Hablar, hablar, hablar

El desarrollo del lenguaje en los niños está estrechame­nte relacionad­o con sus experienci­as cotidianas, con lo que pueden tocar, oler, mirar, llevarse a la boca... por eso no vale con que les dejemos delante de la tele. Tiene que haber interacció­n, dar vida a las palabras en un contexto en el que ellos puedan entenderla­s. «Cuando voy con mi niño en el carrito por la calle le voy contando todo lo que pasa: “¡Mira, ha pasado un camión!” Y lo señalo, lo mismo con los perros, otros niños... Me doy cuenta de que, aunque no lo sepa decir, lo entiende porque cuando le cuento un cuento y le enseño las ilustracio­nes señala los objetos que conoce», explica Montse.

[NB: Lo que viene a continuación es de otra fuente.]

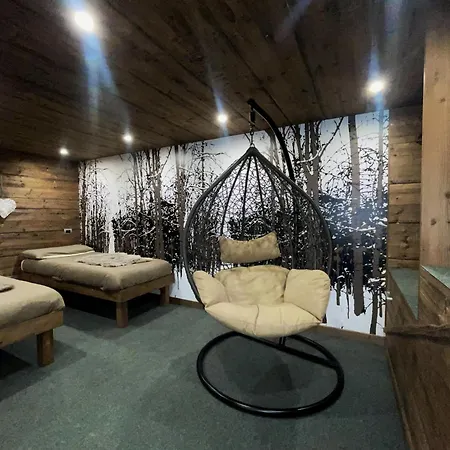 Apartment House Snc Di Elisa Baroni E Beatrice Dei Cas *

Los padres, de una forma natural, son los mejores profesores de lengua de sus hijos. Está comprobado que adaptamos de forma natural nuestra forma de hablar para ayudarles (exagerando la entonación, hablando más despacio...). Del mismo modo, cuando intentamos descifrar qué es lo que nos están diciendo, les estamos dando ejemplos, modelos correctos para que puedan imitarnos. «Aya», exclama Jorge. «¿Agua?, ¿quieres agua, cariño», le responde Marcos, su padre. «Aya», insiste Jorge. «Ah, que quieres que llamemos a la abuela», completa Marcos.

Otra buena costumbre es ir «radiando» a los niños lo que vamos haciendo, por ejemplo en el baño: «Ahora vamos a lavarte las manitas», y les acariciamo­s la parte del cuerpo de la que estamos hablando.